Haustechniker Daniel Kalchschmid und Gastgeberin Julia Köberl vom Narzissendorf Zloam
Haustechniker Daniel Kalchschmid und Gastgeberin Julia Köberl vom Narzissendorf Zloam © Jürgen Fuchs


Auch auf der Zloam ist die Landschaft wie ein Traum. Zu Füßen der Blumenpflücker liegt der Grundlsee. Wo im Winter die Skifahrer hinuntersausen, pflücken jetzt die vielen Helfer auf der größten Narzissenwiese in Grundlsee bergauf. Die Gastgeber des Narzissendorfs Zloam, Julia Köberl und Jakob Zand, sind selbst im Pflückmodus. Eine überdimensionale Lederhose soll entstehen. Hier greifen Familie, aber auch Gäste mit an.
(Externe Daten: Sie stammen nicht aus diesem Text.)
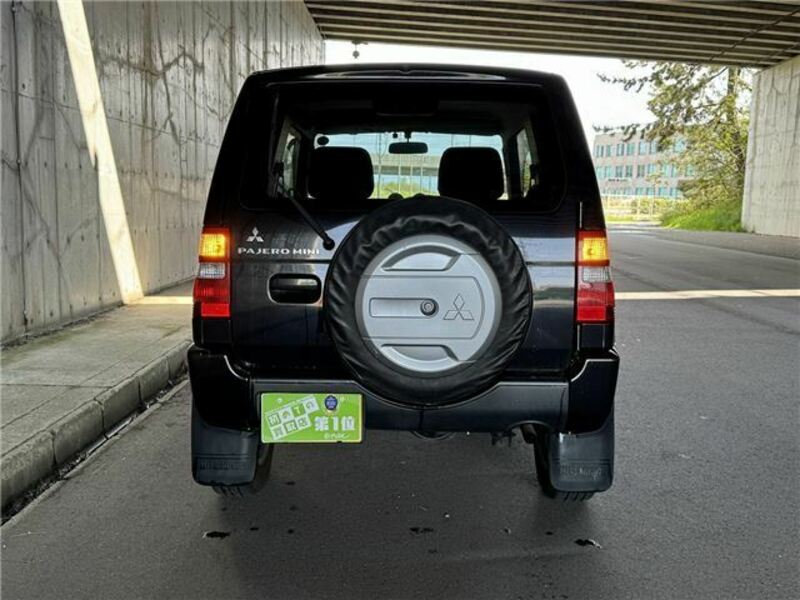 PAJERO MINI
"Wichtig ist, dass die Stiele relativ lange bleiben, die werden später gestutzt", erklärt Jakob Zand. Braune Blüten müssen auf der Wiese bleiben, geschlossene Knospen dürfen mit in den Strauß.
Sind die Kübel voll, übernimmt Haustechniker Daniel Kalchschmid. Er bringt sie mit einem Allradfahrzeug ins Tal, versorgt sie mit Wasser und stellt sie kühl. Heute ab 16 Uhr gibt es bei Musik ein Schaustecken im Narzissendorf Zloam, auch Gäste dürfen Hand anlegen. 80 Kübel Narzissen wird die Lederhose brauchen, damit sie morgen beim Korso eine gute Figur macht.